The answer consists of the lines from the line holding "Rodrigo y su" through the last line of the entries, retyped exactly, and nothing else. No pictures belong in it.

⟨

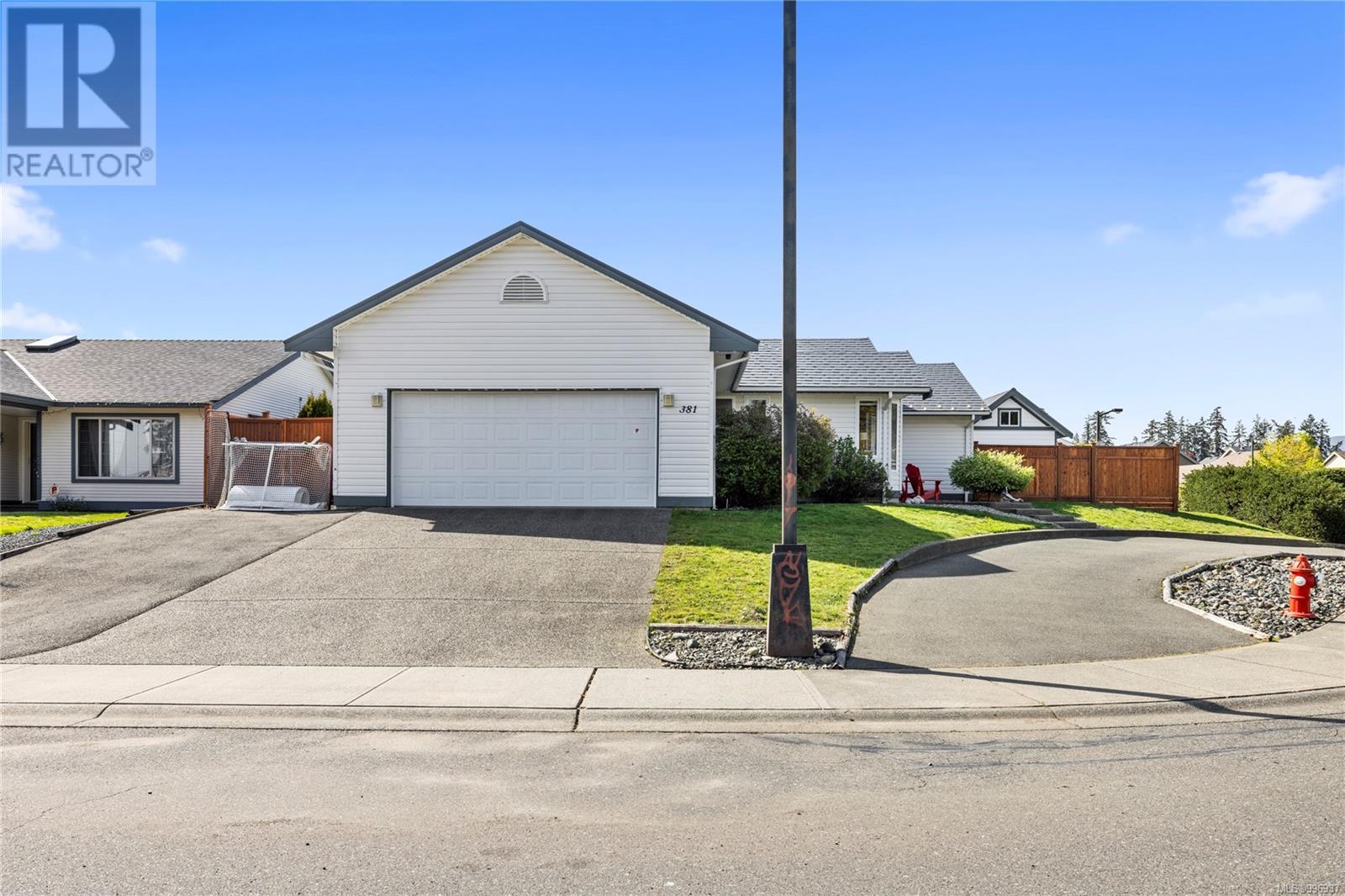 Property at 381 Rheumer Cres image 2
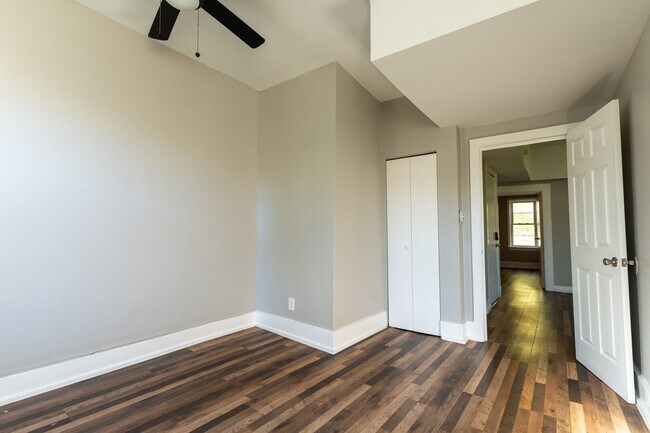Building Photo - 7724 S Avalon Ave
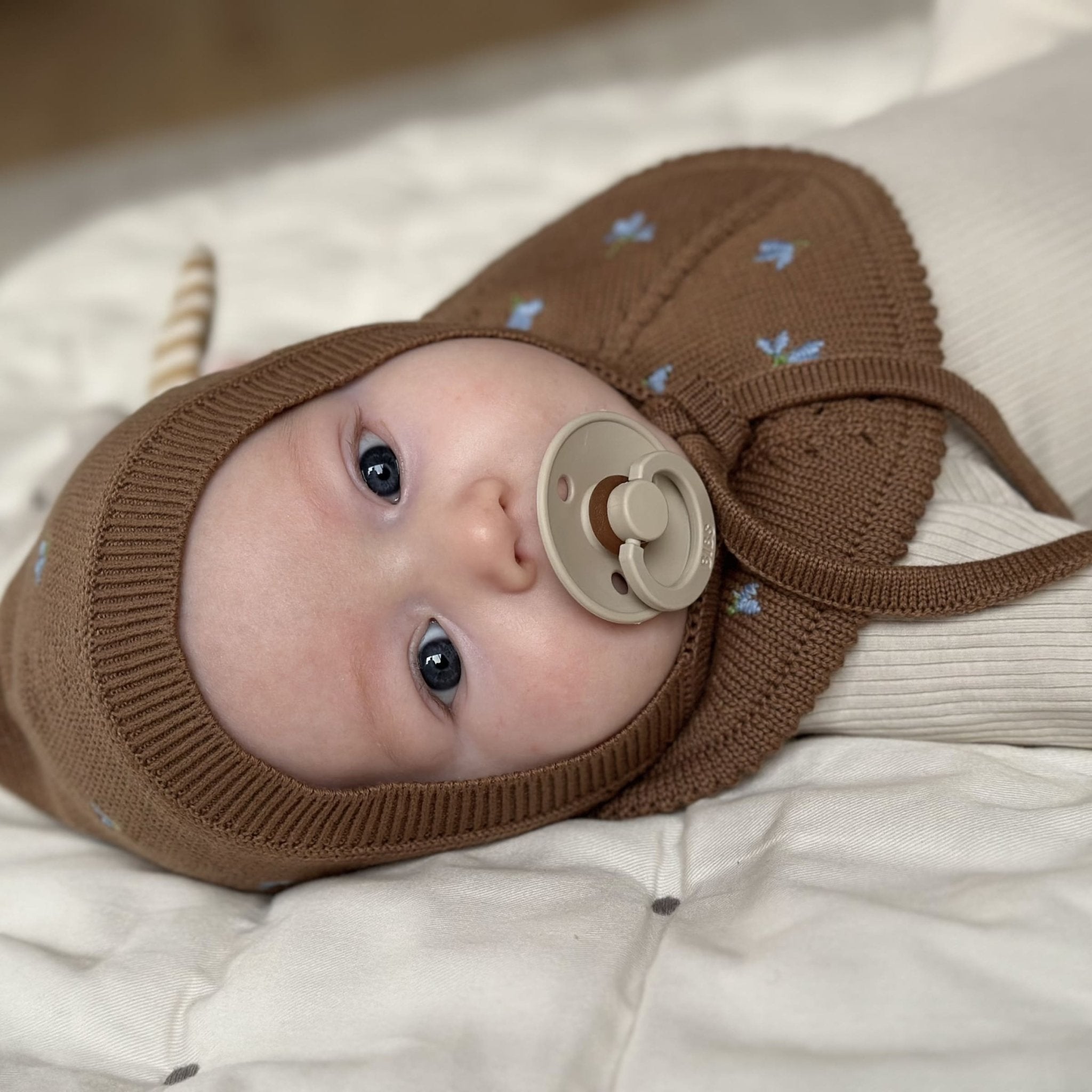 Saga Copenhagen - Hats, Caps & Beanies - Baby Bonnet - Tahin - Tummy Time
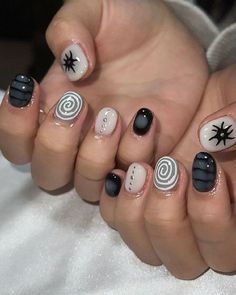 Gel Nails Alternative, Alternative Gel Nails, Cute Short Goth Nails, Funky Nail Ideas Short, Short Nail Designs Alt, Simple Design Short Nails, Gothic Nail Designs Ideas, Short Nails Alternative, Short Men Nail Designs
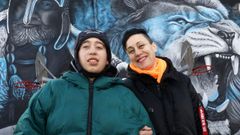Rodrigo y su madre, Ana L�pez, despu�s de un entrenamiento de baloncesto.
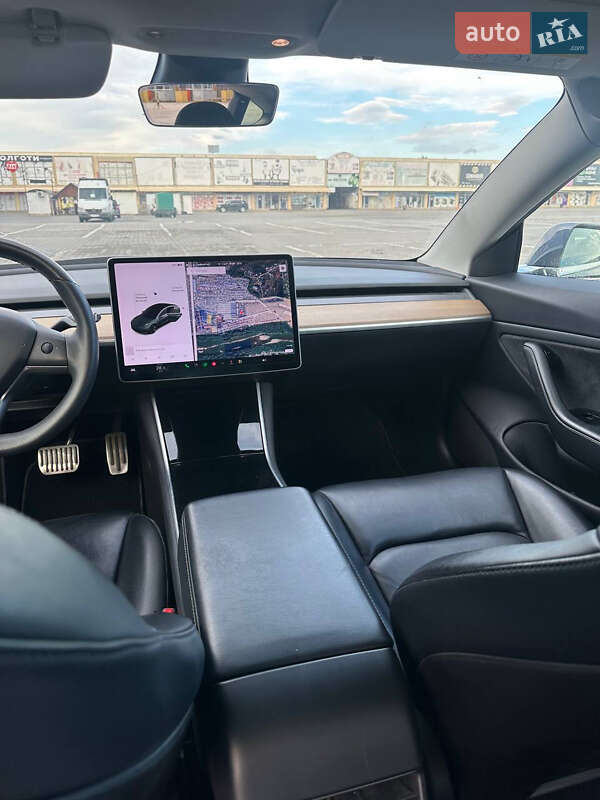 Седан Tesla Model 3 2020 в Черновцах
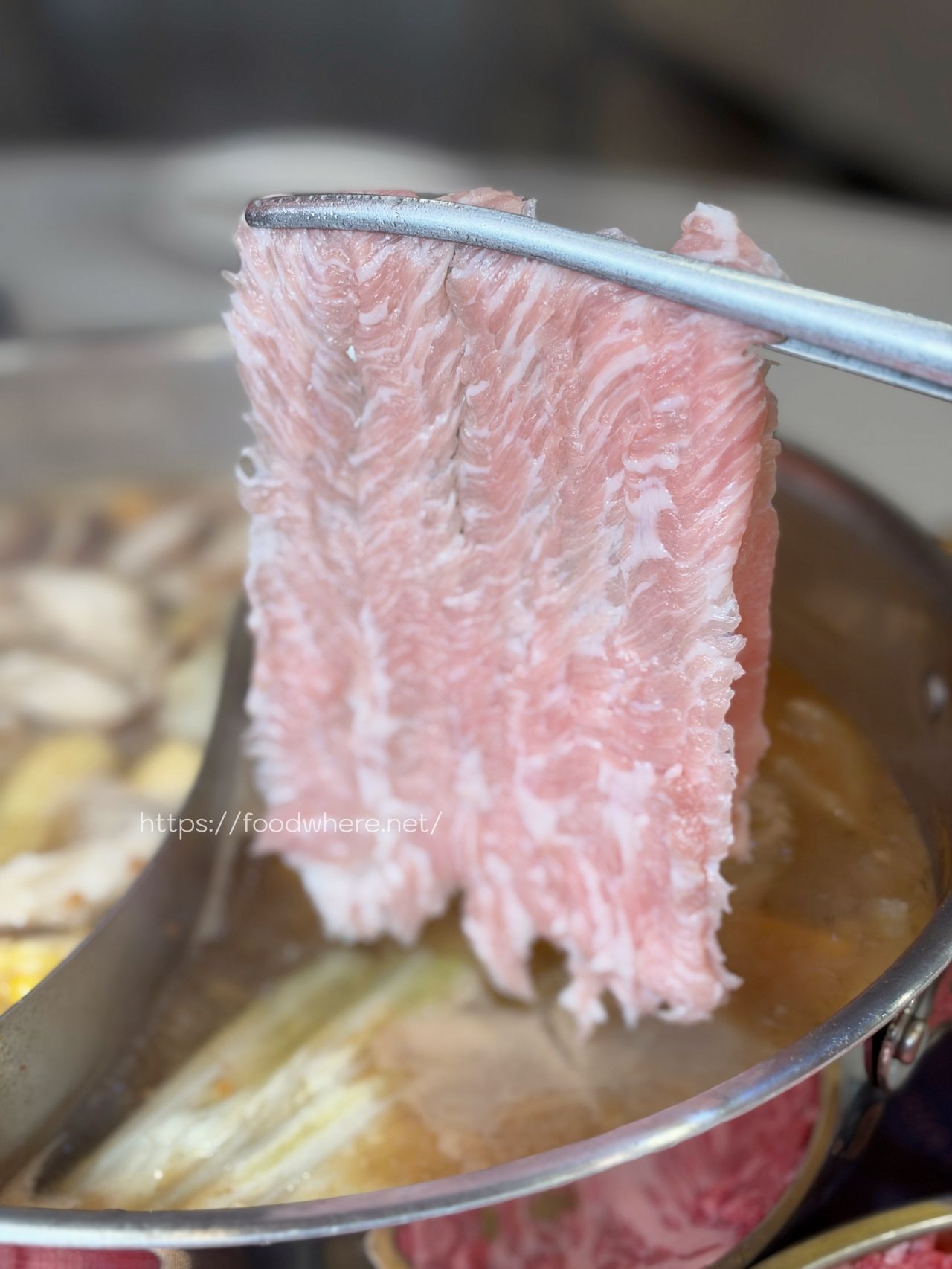 高雄前鎮火鍋｜《滿興潮汕火鍋》夢時代附近人氣鍋物！手切安格斯牛小排、爆漿牛肉丸必吃 @高雄美食底對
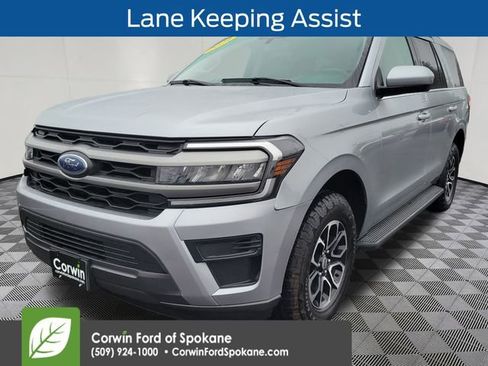 Used 2024 Ford Expedition XLT image 6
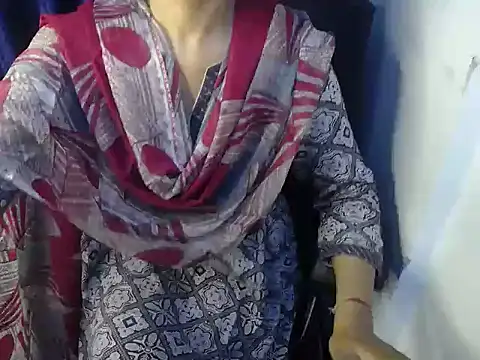 priya gupta7 online show from 10.19.25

⟩

TASK RESULT:
Rodrigo y su madre, Ana L�pez, despu�s de un entrenamiento de baloncesto.
 Седан Tesla Model 3 2020 в Черновцах
 高雄前鎮火鍋｜《滿興潮汕火鍋》夢時代附近人氣鍋物！手切安格斯牛小排、爆漿牛肉丸必吃 @高雄美食底對
 Used 2024 Ford Expedition XLT image 6
 priya gupta7 online show from 10.19.25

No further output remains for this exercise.